It is, therefore, clear that any constitutional election should be held on or before August 26 2023.
Mnangagwa, at a Zanu PF politburo, made another announcement. He told his party organ that the election will be held in terms of the new electoral boundaries contained in the Zimbabwe Electoral Commission (Zec) delimitation report.
The report merged some constituencies and, in some respects, new constituencies were created altogether while some provinces lost constituencies based on the number of registered voters within the province.
The announcement was made concurrently with the decision that Zanu PF will conduct its primary election using the new boundaries. The primary election will be held starting next weekend.
This has given Zanu PF a good five months or so to heal after divisive internal elections.
It has also given the party time to negotiate who gets out of whose way and who is promised what in the aftermath of the polls.
There are a good 12 honchos in the party whose constituencies were either collapsed or merged and they have to find a new home.

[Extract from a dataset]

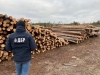 Судитимуть лісничого з Сарненщини і трьох його спільників за незаконні оборудки з деревиною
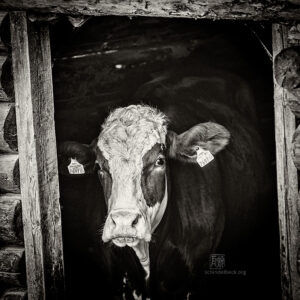 - Jazzfestival Saalfelden - Photo: Schindelbeck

This will give them ample time to talk some of the ambitious young turks out of the race or engineer a plan to get on the proportional representation senate list.
The new boundaries will remain controversial after they create a disparity that is unconstitutional. There are constituencies which are 40% bigger than others in terms of voters, yet the Constitution is clear that no ward or constituency should be more that 20% bigger than another.
Secondly, Mnangagwa had initially shown some resistance to the draft preliminary report and consequently made his own recommendations separate from Parliament. However, the sticking point is Mnangagwa’s recommendations were never made public.
In the same vein, it should be mentioned that on February 3, 2023, Zec chairperson Justice Priscilla Chigumba handed over the final report, but the presidency said it was a final draft report — a term that is found nowhere in our Constitution.
Mnangagwa only gazetted the delimitation report on February 20, 2023 purporting that the report had been handed to him on February 17.
It, however, remains on public record that this event was never made public. The reason behind remains a mystery only to add to political conspiracy theories.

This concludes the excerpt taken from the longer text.